-------- Input data

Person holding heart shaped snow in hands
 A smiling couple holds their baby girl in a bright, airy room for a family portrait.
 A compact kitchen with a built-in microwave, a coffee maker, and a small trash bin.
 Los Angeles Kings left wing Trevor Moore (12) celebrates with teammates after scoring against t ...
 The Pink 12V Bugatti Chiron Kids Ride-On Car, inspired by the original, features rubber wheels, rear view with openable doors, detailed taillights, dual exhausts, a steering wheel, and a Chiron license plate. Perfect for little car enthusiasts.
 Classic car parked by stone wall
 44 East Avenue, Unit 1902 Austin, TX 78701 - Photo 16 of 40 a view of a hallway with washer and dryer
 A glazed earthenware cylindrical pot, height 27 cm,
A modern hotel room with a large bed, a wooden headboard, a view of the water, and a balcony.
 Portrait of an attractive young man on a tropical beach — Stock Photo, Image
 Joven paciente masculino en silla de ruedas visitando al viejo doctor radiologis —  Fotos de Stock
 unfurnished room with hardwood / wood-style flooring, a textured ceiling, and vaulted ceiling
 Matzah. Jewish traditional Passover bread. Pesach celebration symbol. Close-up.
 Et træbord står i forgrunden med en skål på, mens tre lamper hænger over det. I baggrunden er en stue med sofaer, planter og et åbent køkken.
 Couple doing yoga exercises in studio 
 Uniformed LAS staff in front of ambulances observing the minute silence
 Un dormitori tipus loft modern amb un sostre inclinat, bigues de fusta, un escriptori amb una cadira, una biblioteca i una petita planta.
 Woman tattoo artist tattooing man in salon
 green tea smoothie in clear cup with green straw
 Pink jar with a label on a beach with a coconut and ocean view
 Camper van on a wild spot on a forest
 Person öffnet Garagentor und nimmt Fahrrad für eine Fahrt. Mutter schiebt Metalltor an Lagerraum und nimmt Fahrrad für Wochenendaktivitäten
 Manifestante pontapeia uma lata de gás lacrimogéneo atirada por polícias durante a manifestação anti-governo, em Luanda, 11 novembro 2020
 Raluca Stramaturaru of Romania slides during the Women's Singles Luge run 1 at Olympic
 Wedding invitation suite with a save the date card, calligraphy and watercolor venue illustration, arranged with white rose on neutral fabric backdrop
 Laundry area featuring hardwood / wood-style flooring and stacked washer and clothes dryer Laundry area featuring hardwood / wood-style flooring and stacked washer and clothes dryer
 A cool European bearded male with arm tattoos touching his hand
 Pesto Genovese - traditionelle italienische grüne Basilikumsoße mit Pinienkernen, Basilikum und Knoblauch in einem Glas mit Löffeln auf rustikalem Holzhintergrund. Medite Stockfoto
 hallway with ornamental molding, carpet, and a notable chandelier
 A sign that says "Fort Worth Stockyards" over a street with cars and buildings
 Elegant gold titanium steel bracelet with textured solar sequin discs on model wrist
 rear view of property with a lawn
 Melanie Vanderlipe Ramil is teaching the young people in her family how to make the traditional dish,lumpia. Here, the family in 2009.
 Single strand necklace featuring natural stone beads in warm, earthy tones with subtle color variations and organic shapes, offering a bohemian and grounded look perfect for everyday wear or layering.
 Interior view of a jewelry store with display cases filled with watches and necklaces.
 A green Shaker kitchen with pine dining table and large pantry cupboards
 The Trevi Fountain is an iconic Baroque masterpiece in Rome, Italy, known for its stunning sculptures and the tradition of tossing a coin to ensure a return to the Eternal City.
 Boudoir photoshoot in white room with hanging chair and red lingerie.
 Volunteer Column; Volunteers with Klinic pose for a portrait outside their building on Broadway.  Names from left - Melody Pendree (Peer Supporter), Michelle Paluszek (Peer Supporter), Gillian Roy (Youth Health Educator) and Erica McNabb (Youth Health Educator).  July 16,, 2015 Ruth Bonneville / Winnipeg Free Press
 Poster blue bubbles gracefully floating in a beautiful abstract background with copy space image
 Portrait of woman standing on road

----------------

*Task item*. Taking the entries above, restate exactly those lines that fall between the line with "Pink jar with" and the line with "A green Shaker", keeping both of those lines too.

*Exercise output*.
 Pink jar with a label on a beach with a coconut and ocean view
 Camper van on a wild spot on a forest
 Person öffnet Garagentor und nimmt Fahrrad für eine Fahrt. Mutter schiebt Metalltor an Lagerraum und nimmt Fahrrad für Wochenendaktivitäten
 Manifestante pontapeia uma lata de gás lacrimogéneo atirada por polícias durante a manifestação anti-governo, em Luanda, 11 novembro 2020
 Raluca Stramaturaru of Romania slides during the Women's Singles Luge run 1 at Olympic
 Wedding invitation suite with a save the date card, calligraphy and watercolor venue illustration, arranged with white rose on neutral fabric backdrop
 Laundry area featuring hardwood / wood-style flooring and stacked washer and clothes dryer Laundry area featuring hardwood / wood-style flooring and stacked washer and clothes dryer
 A cool European bearded male with arm tattoos touching his hand
 Pesto Genovese - traditionelle italienische grüne Basilikumsoße mit Pinienkernen, Basilikum und Knoblauch in einem Glas mit Löffeln auf rustikalem Holzhintergrund. Medite Stockfoto
 hallway with ornamental molding, carpet, and a notable chandelier
 A sign that says "Fort Worth Stockyards" over a street with cars and buildings
 Elegant gold titanium steel bracelet with textured solar sequin discs on model wrist
 rear view of property with a lawn
 Melanie Vanderlipe Ramil is teaching the young people in her family how to make the traditional dish,lumpia. Here, the family in 2009.
 Single strand necklace featuring natural stone beads in warm, earthy tones with subtle color variations and organic shapes, offering a bohemian and grounded look perfect for everyday wear or layering.
 Interior view of a jewelry store with display cases filled with watches and necklaces.
 A green Shaker kitchen with pine dining table and large pantry cupboards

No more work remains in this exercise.